Iselin  is an unincorporated community and census-designated place (CDP) located within Woodbridge Township, in Middlesex County, New Jersey. As of the 2010 United States Census, the CDP's population was 18,695.

Previously known as Perrytown and Unionville, Iselin received its current name after New York investment banker and philanthropist Adrian Georg Iselin, who established a finishing school in the 1870s for girls from wealthy New York families there. Iselin additionally subsidized the erection of a new train station which was replaced by a newer station to the south known as Metropark. The largest bordering town of Iselin is Edison.

Geography
According to the United States Census Bureau, the CDP had a total area of 3.190 square miles (8.263 km2), including 3.189 square miles (8.261 km2) of land and 0.001 square miles (0.003 km2) of water (0.03%).

Downtown area 
Iselin's downtown is centered on Little India (also known as "Oak Tree Road"), bound by the Garden State Parkway to the West, and Route 27 (Lincoln Highway) to the East.
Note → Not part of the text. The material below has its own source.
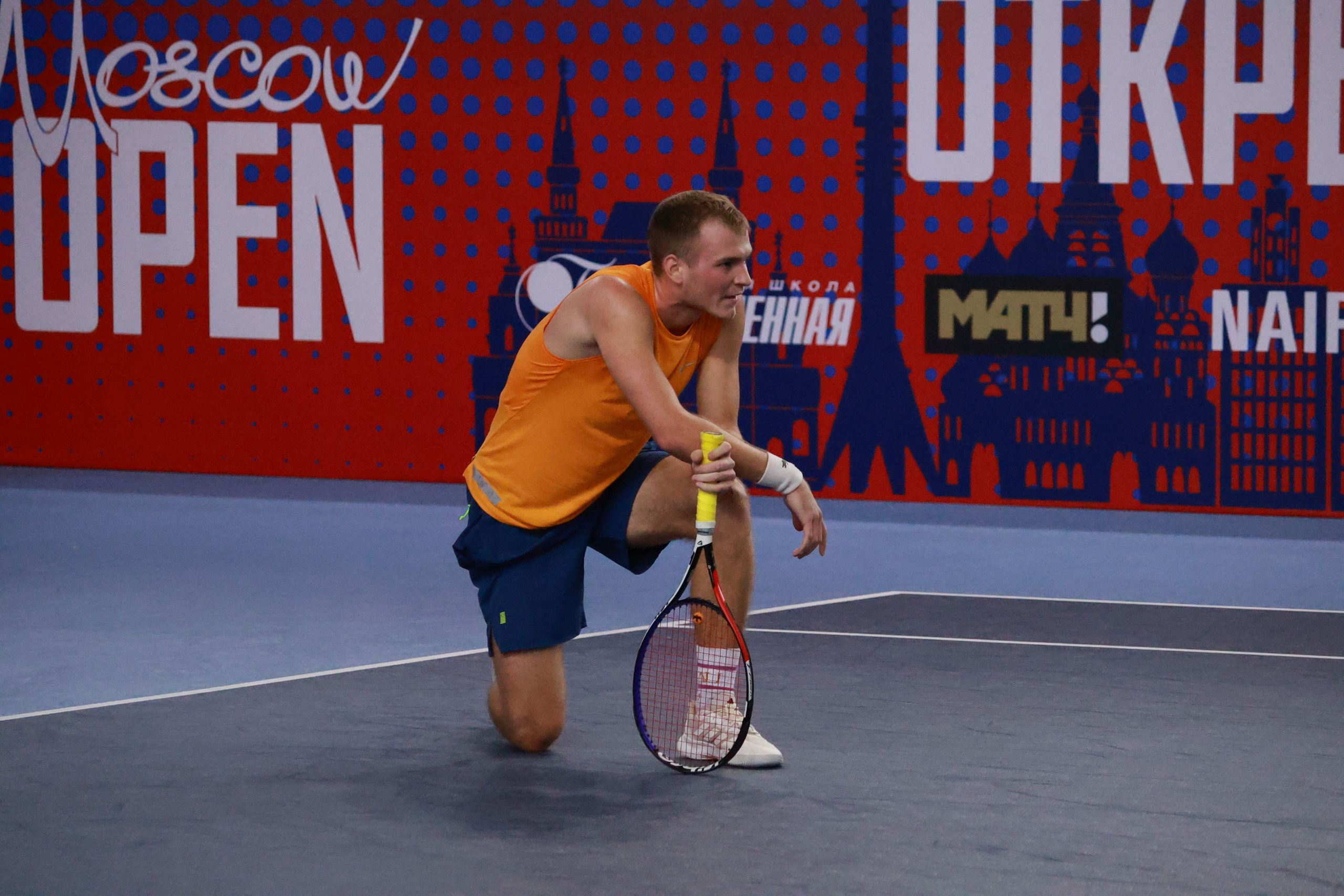 Открытый зимний кубок по теннису Winter Moscow Open 2025. Репортажный фотограф, спортивный фотограф в Москве и области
Once home to a wide array of shops, eateries, services, and complemented by a single-screen 1920s movie palace, the area was in obvious decline in the 1980s. An influx of Asian-Indian immigration beginning in the early 1990s led to the area's revitalization. Formerly vacant stores were tenanted, and additional retail spaces built as the area became known for its high quality Indian food, sweets, clothing (particularly saris), jewelry, music, and other goods.

Metropark 

An area known as Metropark, consisting primarily of office parks and large office buildings, lies in the southwestern corner of Iselin and spills over into neighboring Edison. The New Jersey Transit and Amtrak Metropark Station is named for this area.
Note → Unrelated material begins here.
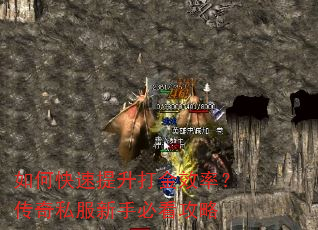 如何快速提升打金效率?传奇私服新手必看攻略 如何快速提升打金效率?传奇私服新手必看攻略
In addition to a Hilton Hotel (now known as Hotel Woodbridge at Metropark) and the train station, Metropark also features the headquarters of Ansell Limited, Engelhard Corporation (acquired by BASF in 2006) and Eaton Corporation's Filtration Division. Other corporate residents in the area include Siemens, Tata Consultancy Services, Mott MacDonald, Ernst & Young, Mizuho, Wells Fargo, JPMorgan Chase, Accenture, Level 3 Communications, BT Group, UBS, Anthem, Teachers Insurance and Annuity Association of America, Ansell, and EisnerAmper.

Demographics

2010 Census

2000 Census
As of the 2000 United States Census there were 16,698 people, 6,007 households, and 4,511 families residing in the CDP. The population density was 2,059.8/km2 (5,327.6/mi2). There were 6,137 housing units at an average density of 757.0/km2 (1,958.0/mi2). The racial makeup of the CDP was 64.65% White, 6.02% African American, 0.12% Native American, 25.16% Asian, 0.01% Pacific Islander, 1.75% from other races, and 2.28% from two or more races. Hispanic or Latino of any race were 5.47% of the population.
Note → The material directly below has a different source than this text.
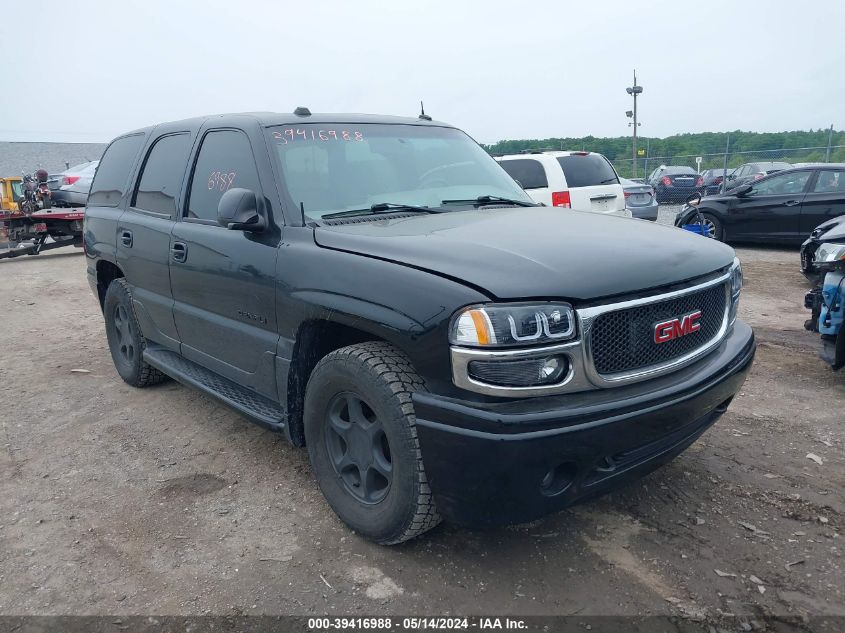 2004 GMC Yukon Denali VIN: 1GKEK63UX4J149750 Lot: 39416988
There were 6,007 households, out of which 32.0% had children under the age of 18 living with them, 61.5% were married couples living together, 9.8% had a female householder with no husband present, and 24.9% were non-families. 20.8% of all households were made up of individuals, and 8.6% had someone living alone who was 65 years of age or older. The average household size was 2.78 and the average family size was 3.24.

In the CDP the population was spread out, with 21.8% under the age of 18, 7.6% from 18 to 24, 33.9% from 25 to 44, 22.7% from 45 to 64, and 14.0% who were 65 years of age or older. The median age was 37 years. For every 100 females, there were 96.8 males. For every 100 females age 18 and over, there were 95.1 males.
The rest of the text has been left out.